No doubt everyone has noticed how the apparently little things of life occupy us at most critical and important times. I remember when at a certain stage I was accomplishing an object to which I had worked industriously and whole-heartedly. I should have been filled with happiness and pride as I faced a large crowd of people. As a matter of fact I was miserable because my collar did not fit my shirt and kept bobbing up and down in a refractory way. The first time I saw Niagara Falls, whither I had gone to be overcome with the grandeur and beauty of the scene, I put in all my time trying to find a place to get a sandwich. It is said that when Gladstone was making his great fight for Irish home rule he was sitting on his bench in parliament, apparently wrapped in deep thought. His colleagues did not disturb him, for they supposed he was pondering the question which was agitating every mind. Finally he straightened himself up and said to himself, but so those near could hear: “After all, I will plant that rosebush in the front instead of at the side of the doorway.” The energetic man who is traveling amid picturesque and historical places puts in more time figuring out time-tables and wondering whether he will get dinner in a dining-car or at a lunch station, than he does in soulful meditation on the wonders of nature or the handiwork of man. And the general run of women, I am firmly convinced by circumstantial evidence, will approach the subject of a European trip or a church wedding, not with the thoughts of the lands to be visited or the responsibility to be assumed, but with minds full of the problem of whether four shirtwaists and a skirt will do better than two dresses. This peculiarity of humanity has often impressed me, so I was not surprised when I realized as I returned more or less triumphant from my battles with purser and steward that I missed most of the thrills and throbs that had been promised me by all the guidebooks and books of travel that I had read.

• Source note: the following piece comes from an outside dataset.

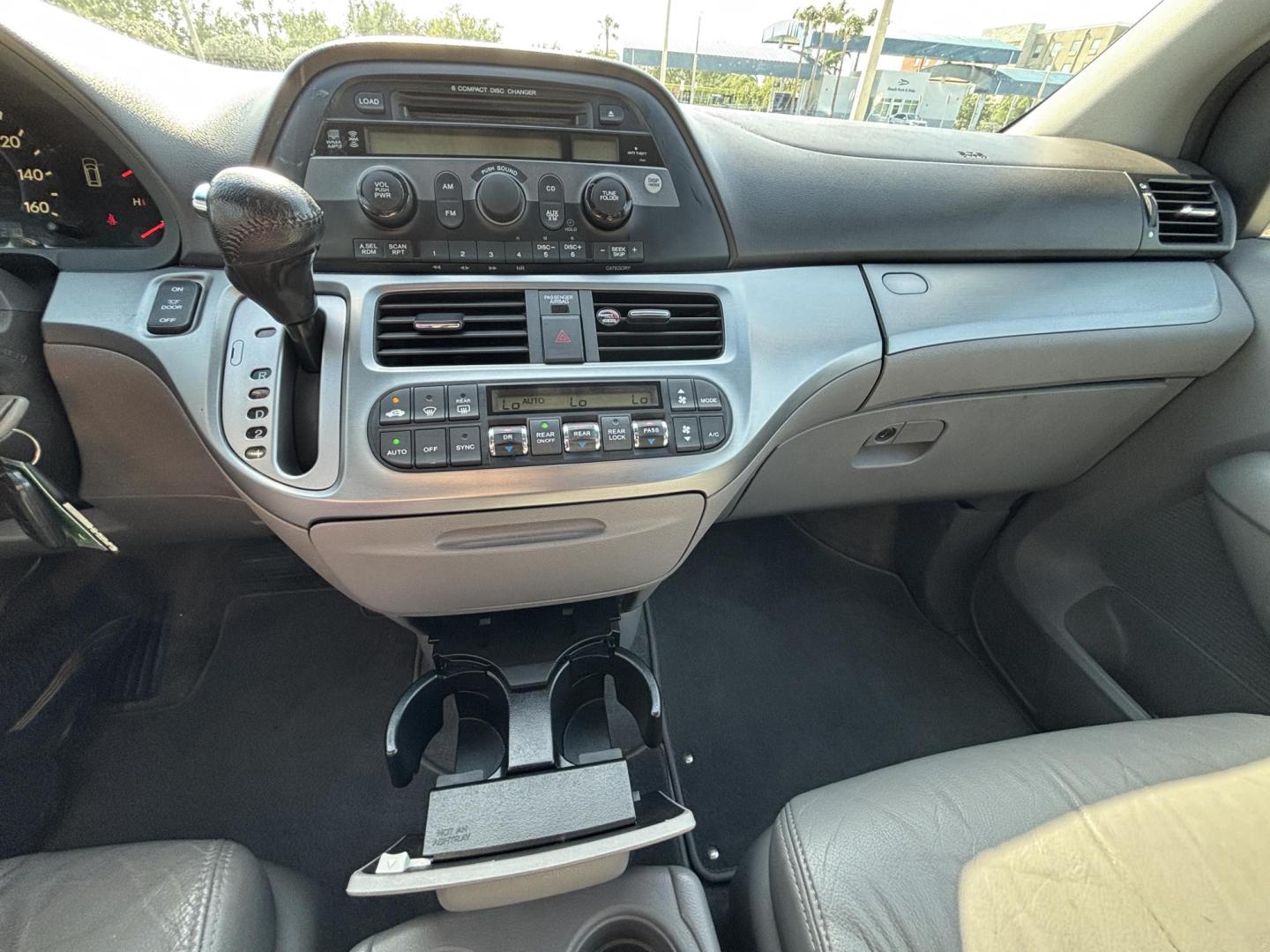 2009 BLUE /TAN Honda Odyssey EX-L (5FNRL38619B) with an 3.5L V6 SOHC 24V engine, 5-Speed Automatic transmission, located at 11170 Summerlin Square Dr., Fort Myers Beach, FL, 33931, (239) 999-7777, 26.493546, -81.941628 - Photo#22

An ocean voyage is being robbed of most of its terrors. The Arabic is a big ship, one of the largest. It stretches out over so many waves that it does very little rolling or plunging. We have been out for three days and there have been really no cases of seasickness. I fully expected to be seasick, and it is a great disappointment. However, I am not going to ask the company to refund my fare on that account. Everybody is afraid of seasickness, and down in his heart everybody wishes that everybody else might be sick and he alone left to proudly walk the deck and smile at the victims. The only person who suffers from seasickness is the individual affected. You may run a sliver in your finger and the family will gather around with words of sympathy. You may get a cinder in your eye and your friends will hurry forward to help get it out. But if you are suffering with seasickness, and death would almost be welcome, your friends will only grin and their words of condolence are false and mocking.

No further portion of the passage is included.